:: Given information ::
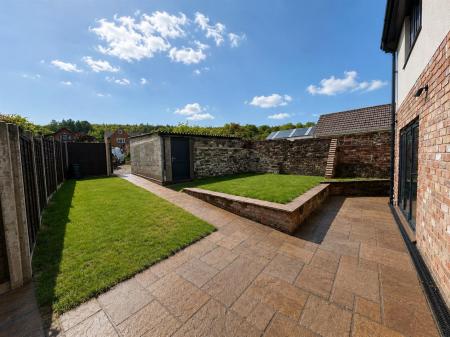 Rear Garden (2/3)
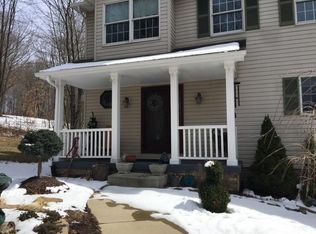 303 Sharon Rd, Hookstown, PA 15050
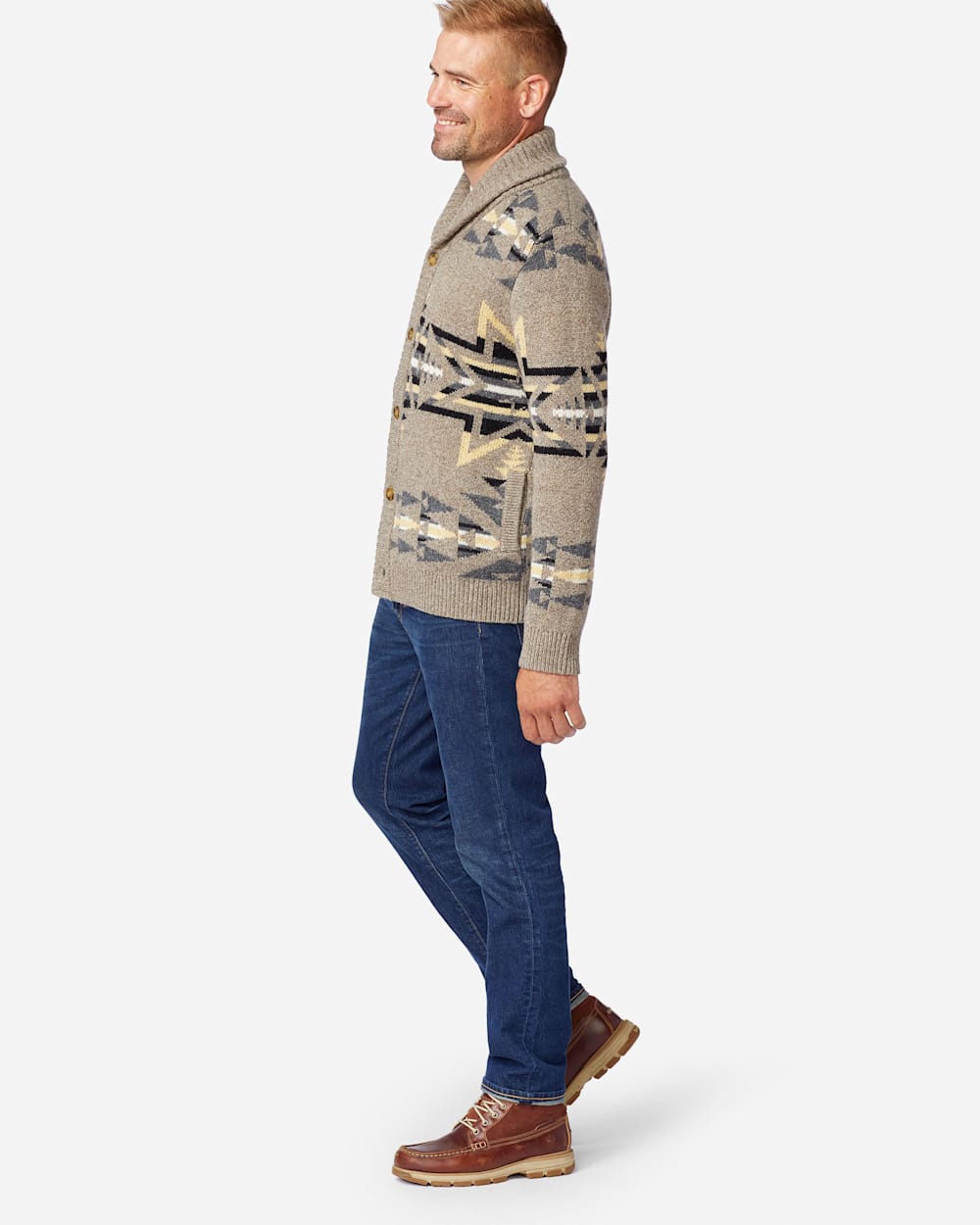 ALTERNATE VIEW OF MEN'S PLAINS STAR SHETLAND CARDIGAN IN GREY/TAN image number 2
:::
Set down each line of the material exactly and skip every image.

• _Task output_:
 Rear Garden (2/3)
 303 Sharon Rd, Hookstown, PA 15050
 ALTERNATE VIEW OF MEN'S PLAINS STAR SHETLAND CARDIGAN IN GREY/TAN image number 2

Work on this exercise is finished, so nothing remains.